Tribunale Milano sez. VIII  09 luglio 2009 n. 81629  

 

In materia di comproprietà di una partecipazione in società a responsabilità limitata, disciplinata dall'art. 2468, ult. cpv., c.c., il diritto di intervento in assemblea e il diritto di voto competono in via esclusiva al rappresentante comune; di contro, il singolo comproprietario non è legittimato ad intervenire in assemblea e a votare, conseguendone altrimenti l'annullabilità della relativa deliberazione nella ricorrenza dei presupposti di cui all'art. 2377 comma 5, n. 2, c.c., applicabile alle s.r.l. in virtù del richiamo operato dall'art. 2479-ter, ult. cpv., c.c.

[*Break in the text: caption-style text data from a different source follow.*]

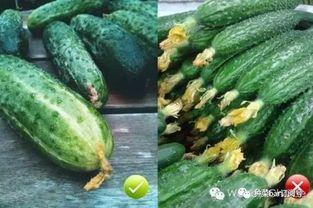 吃小瓜带花,探寻夏日消暑美食的奥秘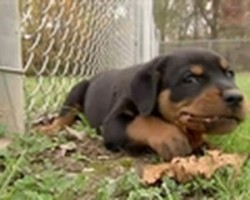 After Repeatedly Running Off, This Rottweiler Puppy Gets Put On A Leash!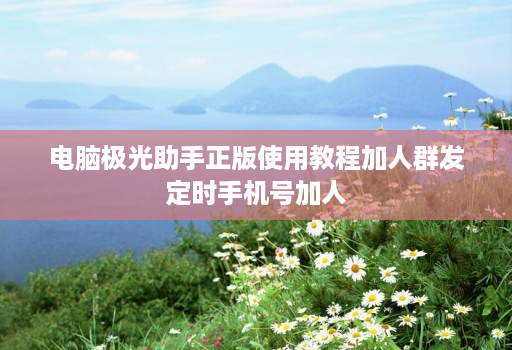 电脑极光助手正版使用教程加人群发定时手机号加人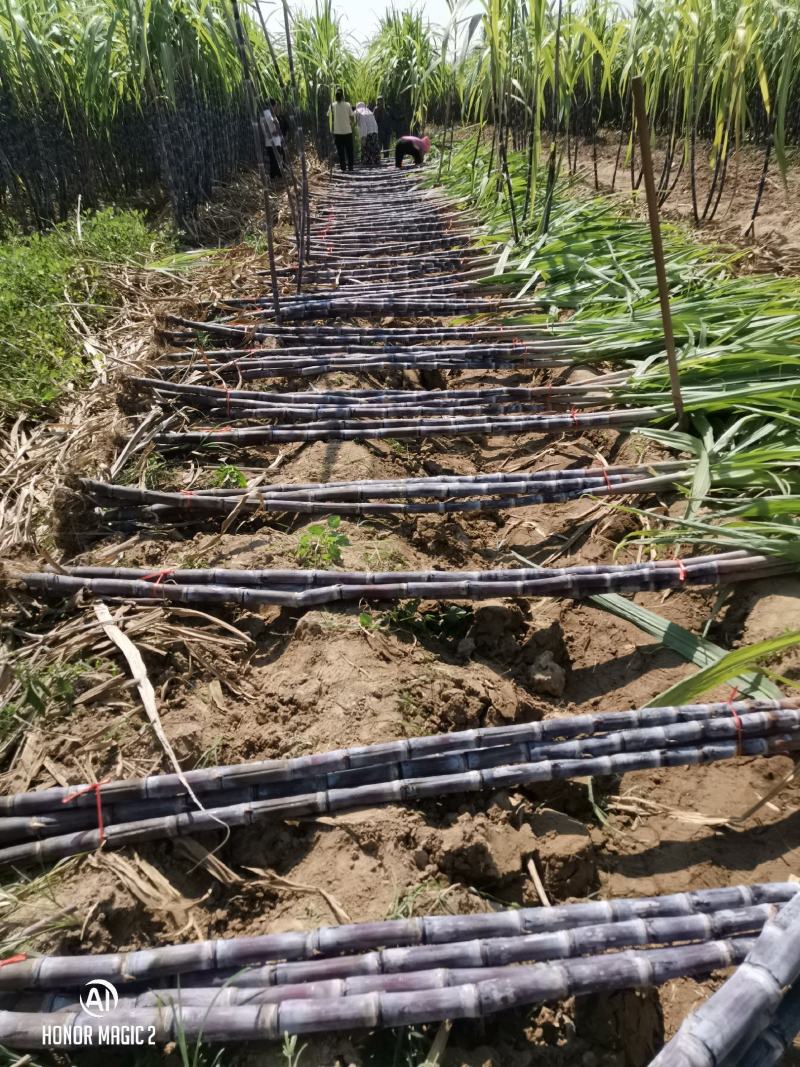 河南省商丘市黑皮甘蔗产地直供！诚信合作，欢迎老板采购！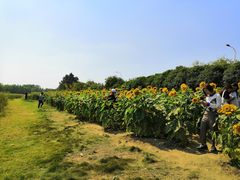 -艾溪湖湿地公园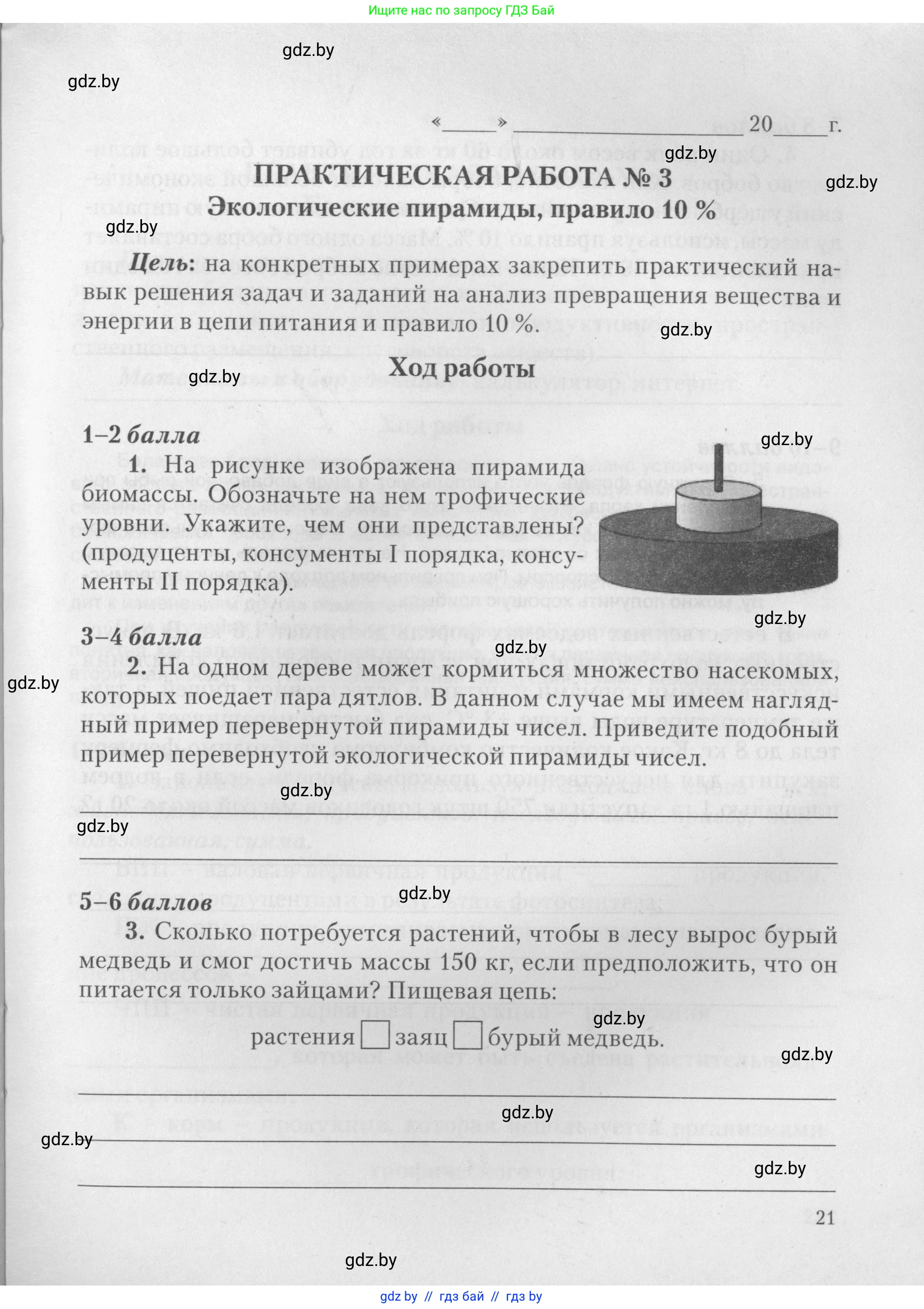 Биология, 11 класс тетрадь для практических и лабораторных работ, экскурсий, автор: Новик Ирина Михайловна, издательство Сэр-Вит, Минск, 2019, розового цвета, страница 21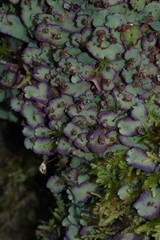 Plagiochasma rupestre rupestre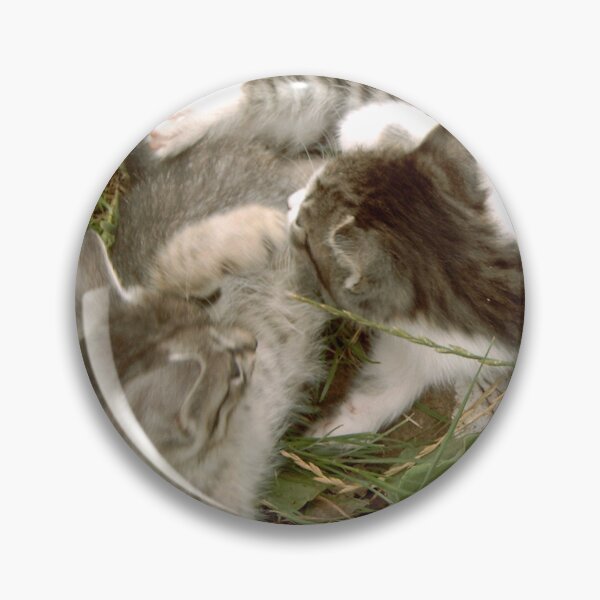 Item preview, Kitten game designed and sold by DjeriK.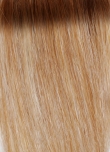 BM Danish-Blond-Root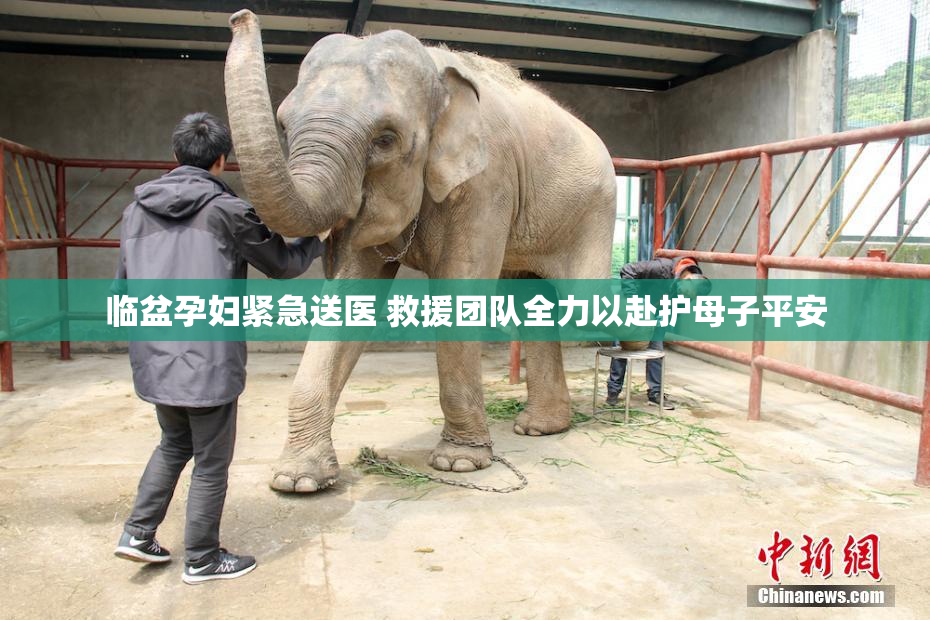 临盆孕妇紧急送医 救援团队全力以赴护母子平安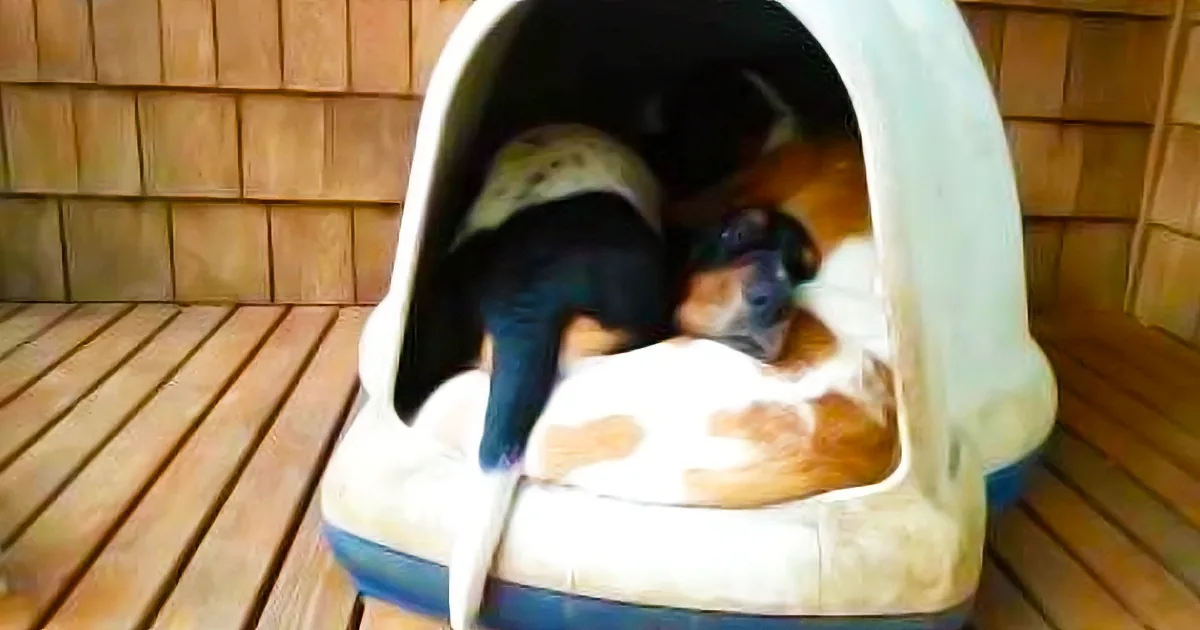 She Went Outside and Peeked in the Doghouse. What She Finds in There With Her Dog? No Way!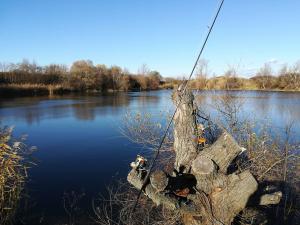 23555423 1640499496014517 366260083 O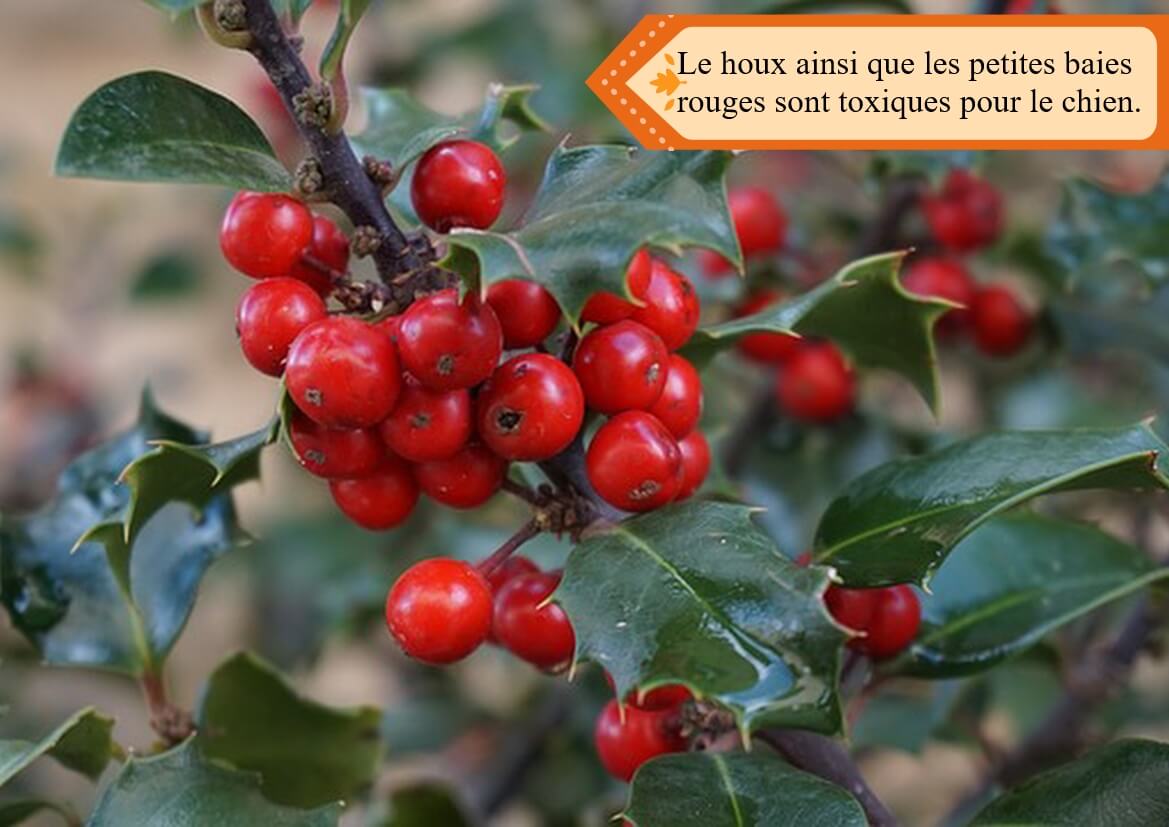 Le houx ainsi que les petites baies rouges sont toxiques pour le chien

Tribunale Catanzaro sez. I  23 aprile 2008

 

L'art. 2468 comma ultimo c.c., regolando i rapporti interni tra la società e i comproprietari, intende risolvere il problema pratico della identificazione, di volta in volta, della volontà dei soci comproprietari. Ne deriva che allorché si tratti di esercitare diritti processuali per la tutela di interessi giuridicamente rilevanti, sono i singoli soci che detengono la titolarità dei diritti che competono alla proprietà della quota.

Tribunale Milano sez. VIII  30 agosto 2006

 

Dalla caratteristica fondamentale di indivisibilità delle azioni o quote (cfr. art. 2347 comma 1 richiamato dall'art. 2482 comma 2 c.c. all'epoca vigente) deriva il corollario processuale della legittimazione esclusiva del rappresentante comune. Talché deve condividersi l'orientamento della giurisprudenza secondo la quale, l'art. 2347 c.c., regolando la comproprietà di quel particolare bene complesso costituito dall'azione di società (e della quota di s.r.l.) "costituisce norma speciale derogatrice (in quanto "lex specialis") rispetto alla disciplina generale della comunione", la disciplina legale avendo la "funzione di proteggere l'esigenza della società di semplificazione e di certezza nei rapporti con i comproprietari", mentre nei rapporti interni fra i comproprietari nulla impedisce che le esigenze di organizzazione interna siano soddisfatte senza alcun limite per l'autonomia negoziale ed il relativo potere dispositivo. Tali considerazioni valgono non soltanto per i c.d. diritti amministrativi (diritto di intervento e di voto in assemblea ed impugnazione delle delibere), ma anche per i diritti patrimoniali, non ravvisandosi elementi per discriminare gli uni dagli altri, nell'ambito di una disciplina sostanzialmente unitaria. Le stesse considerazioni valgono anche in relazione alla domanda di revoca per giusta causa del liquidatore ex art. 2450 comma 4 c.c. nel testo all'epoca vigente. Siffatte argomentazioni appaiono avvalorate anche dal nuovo testo degli art. 2468, 2347 comma 1 c.c. e 2352 c.c. comma ultimo aggiunto (in relazione al quale il riferimento testuale ai diritti amministrativi si spiega in ragione della disciplina della stessa norma, dettata appunto per i diritti amministrativi, senza marcare una diversità di disciplina dei diritti patrimoniali).